* _AIM OF THE TASK_: Skip the pictures and retype exactly the lines from the one holding "beritakitanih Penjaga gawang" through the end of the entries.

↓↓↓

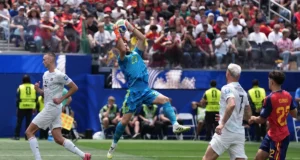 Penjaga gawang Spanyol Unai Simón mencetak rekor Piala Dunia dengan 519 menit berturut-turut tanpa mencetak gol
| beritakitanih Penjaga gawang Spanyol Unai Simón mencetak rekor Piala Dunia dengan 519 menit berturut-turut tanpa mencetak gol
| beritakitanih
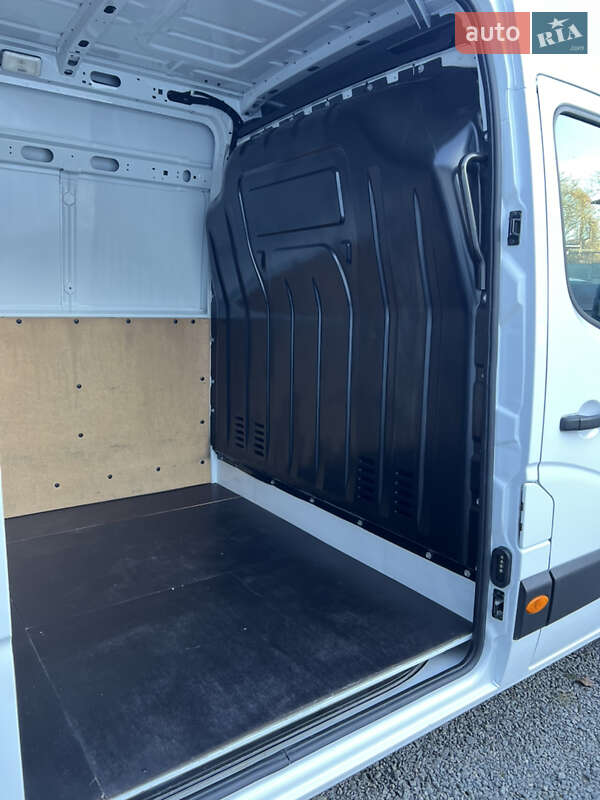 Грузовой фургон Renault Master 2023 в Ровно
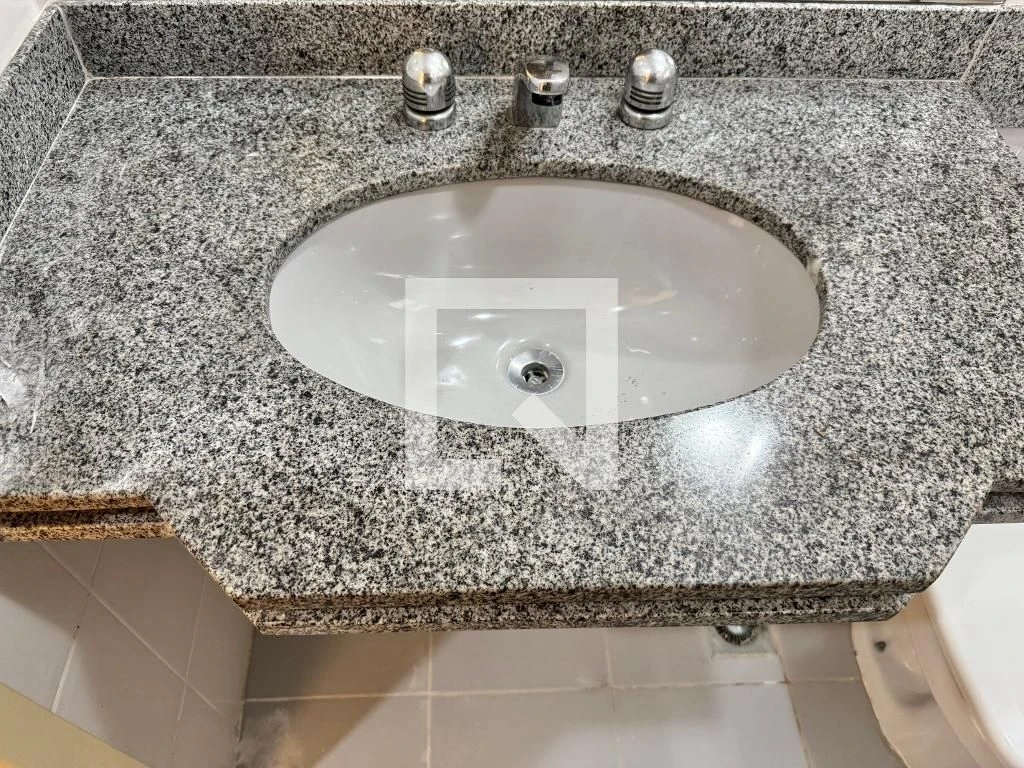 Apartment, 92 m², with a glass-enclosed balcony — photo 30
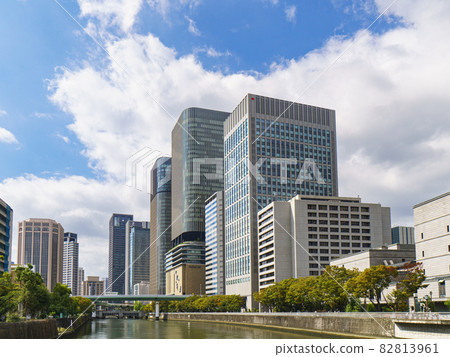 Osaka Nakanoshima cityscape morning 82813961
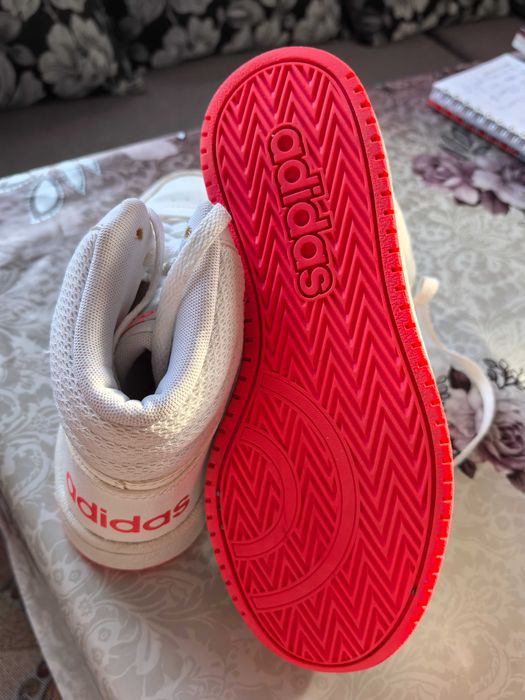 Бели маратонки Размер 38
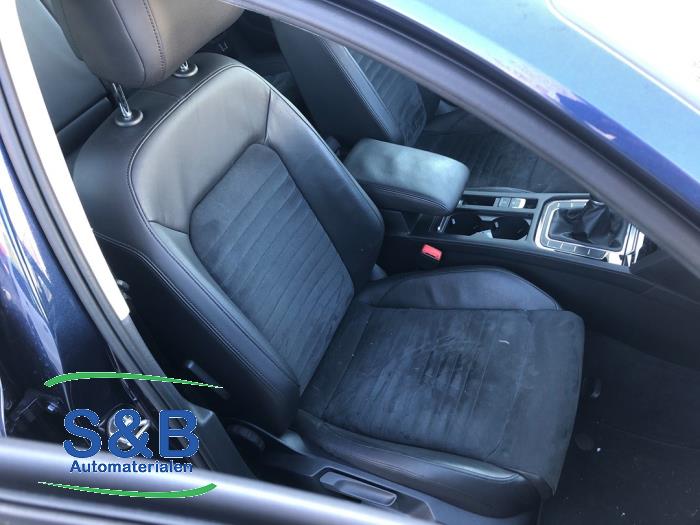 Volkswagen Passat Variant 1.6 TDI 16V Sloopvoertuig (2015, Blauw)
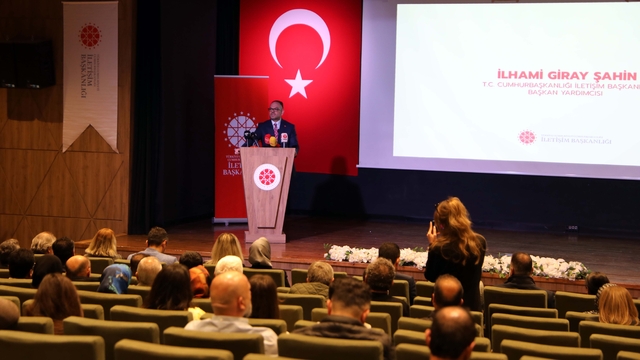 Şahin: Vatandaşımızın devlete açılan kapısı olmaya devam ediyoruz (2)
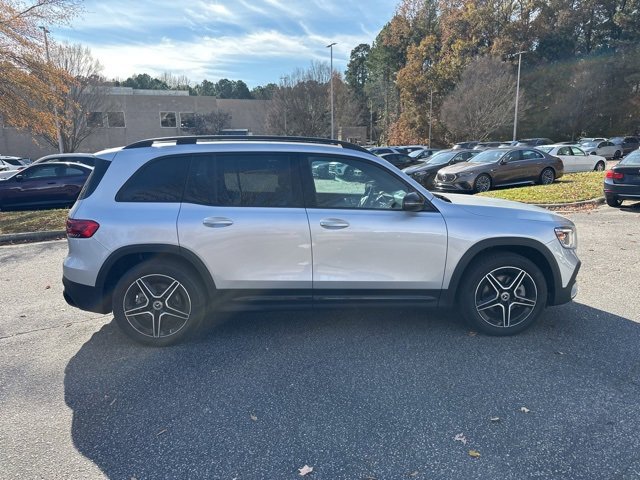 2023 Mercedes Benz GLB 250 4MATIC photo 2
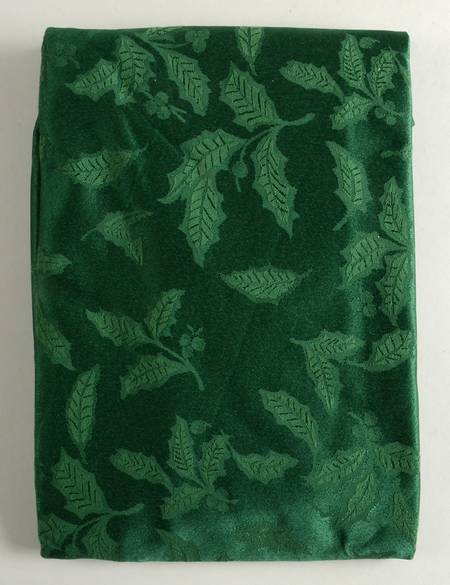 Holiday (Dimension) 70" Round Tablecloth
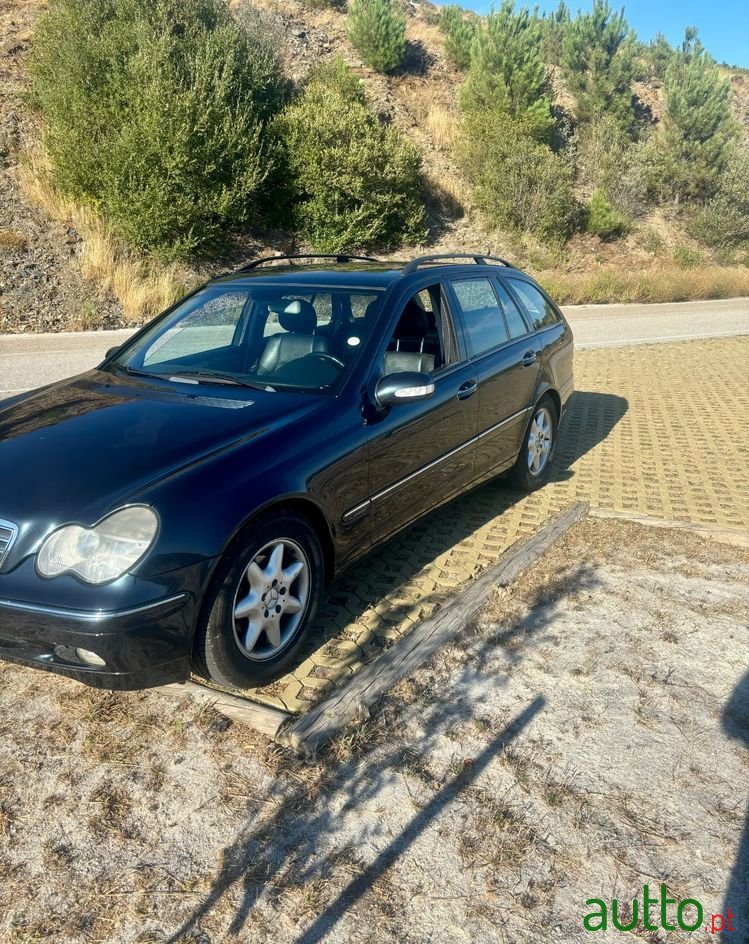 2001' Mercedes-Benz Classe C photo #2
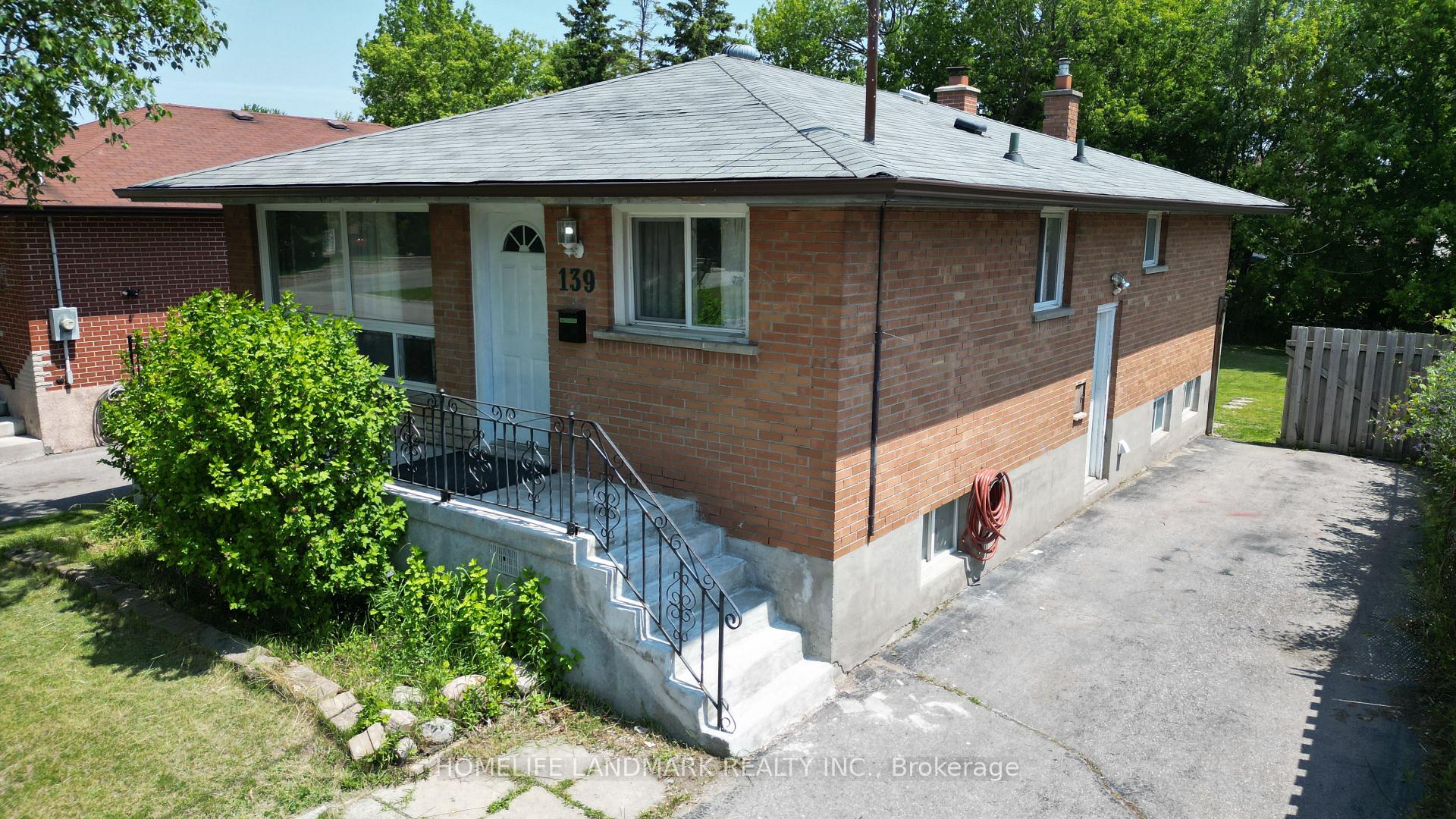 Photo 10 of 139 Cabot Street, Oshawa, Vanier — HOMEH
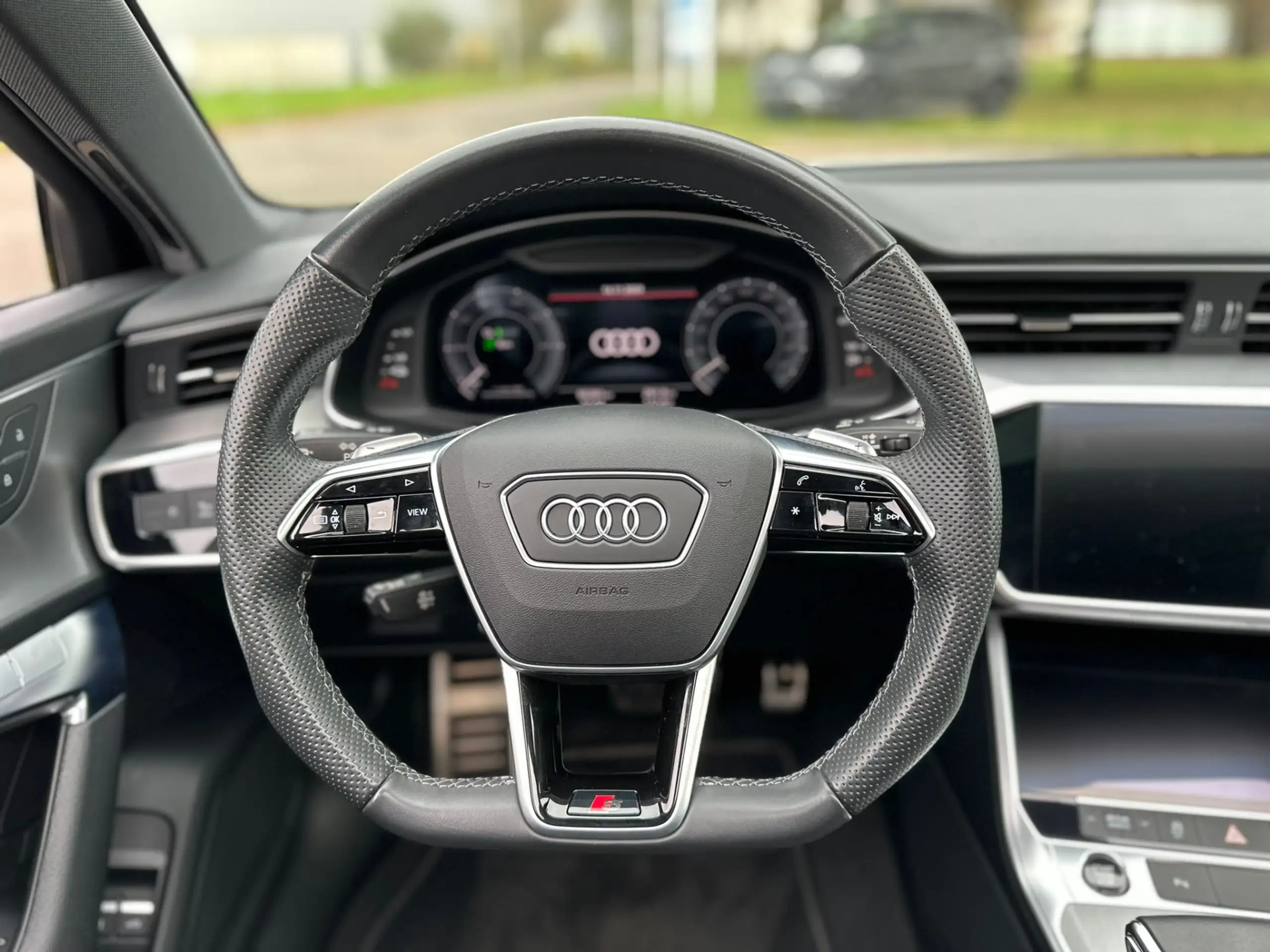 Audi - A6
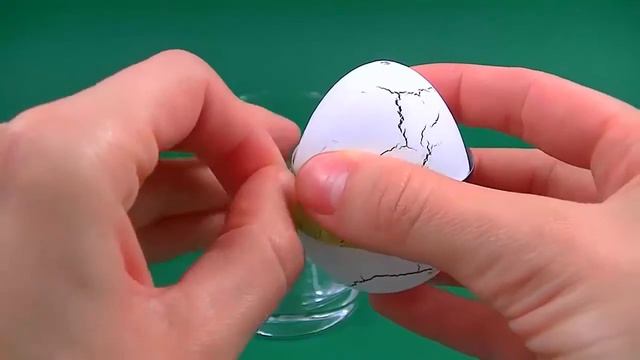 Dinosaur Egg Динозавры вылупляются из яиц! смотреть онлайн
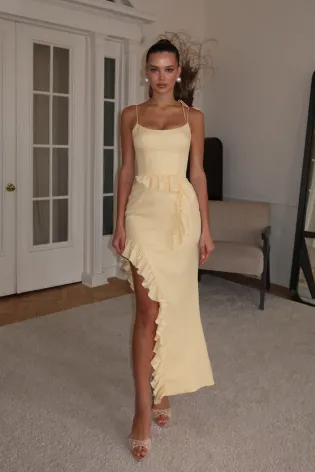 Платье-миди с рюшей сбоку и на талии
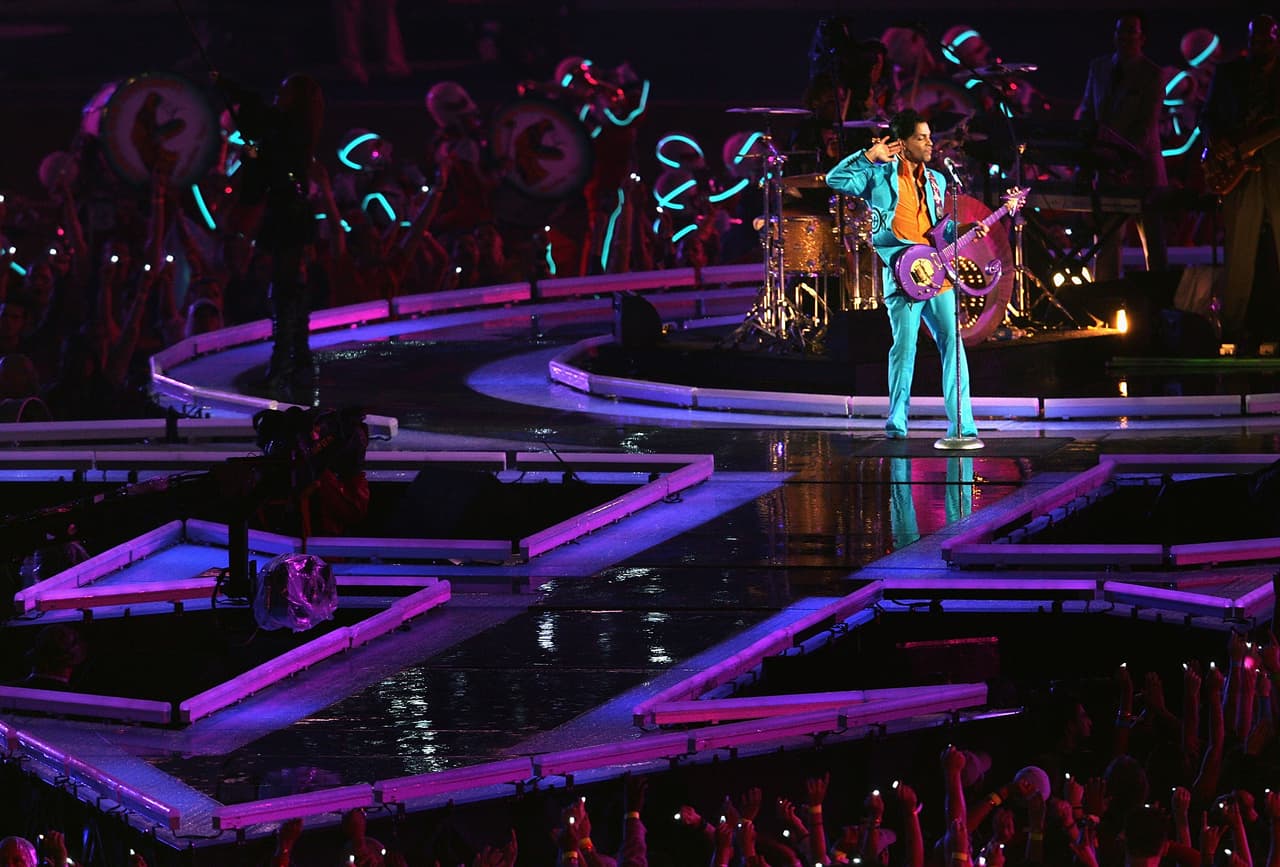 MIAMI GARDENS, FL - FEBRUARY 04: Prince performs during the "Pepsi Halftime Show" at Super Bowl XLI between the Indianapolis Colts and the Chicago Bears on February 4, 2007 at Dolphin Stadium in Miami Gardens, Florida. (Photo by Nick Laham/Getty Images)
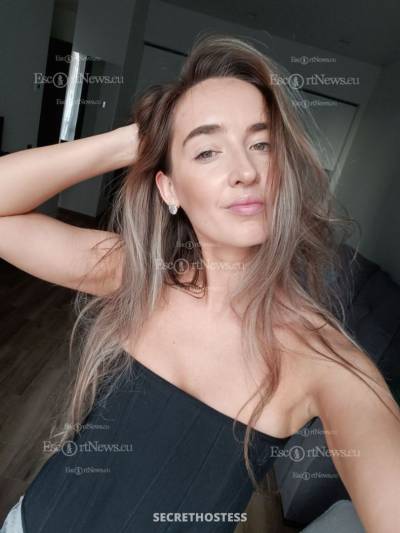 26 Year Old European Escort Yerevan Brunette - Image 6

↑↑↑

* _TASK ANSWER_:
| beritakitanih Penjaga gawang Spanyol Unai Simón mencetak rekor Piala Dunia dengan 519 menit berturut-turut tanpa mencetak gol
| beritakitanih
 Грузовой фургон Renault Master 2023 в Ровно
 Apartment, 92 m², with a glass-enclosed balcony — photo 30
 Osaka Nakanoshima cityscape morning 82813961
 Бели маратонки Размер 38
 Volkswagen Passat Variant 1.6 TDI 16V Sloopvoertuig (2015, Blauw)
 Şahin: Vatandaşımızın devlete açılan kapısı olmaya devam ediyoruz (2)
 2023 Mercedes Benz GLB 250 4MATIC photo 2
 Holiday (Dimension) 70" Round Tablecloth
 2001' Mercedes-Benz Classe C photo #2
 Photo 10 of 139 Cabot Street, Oshawa, Vanier — HOMEH
 Audi - A6
 Dinosaur Egg Динозавры вылупляются из яиц! смотреть онлайн
 Платье-миди с рюшей сбоку и на талии
 MIAMI GARDENS, FL - FEBRUARY 04: Prince performs during the "Pepsi Halftime Show" at Super Bowl XLI between the Indianapolis Colts and the Chicago Bears on February 4, 2007 at Dolphin Stadium in Miami Gardens, Florida. (Photo by Nick Laham/Getty Images)
 26 Year Old European Escort Yerevan Brunette - Image 6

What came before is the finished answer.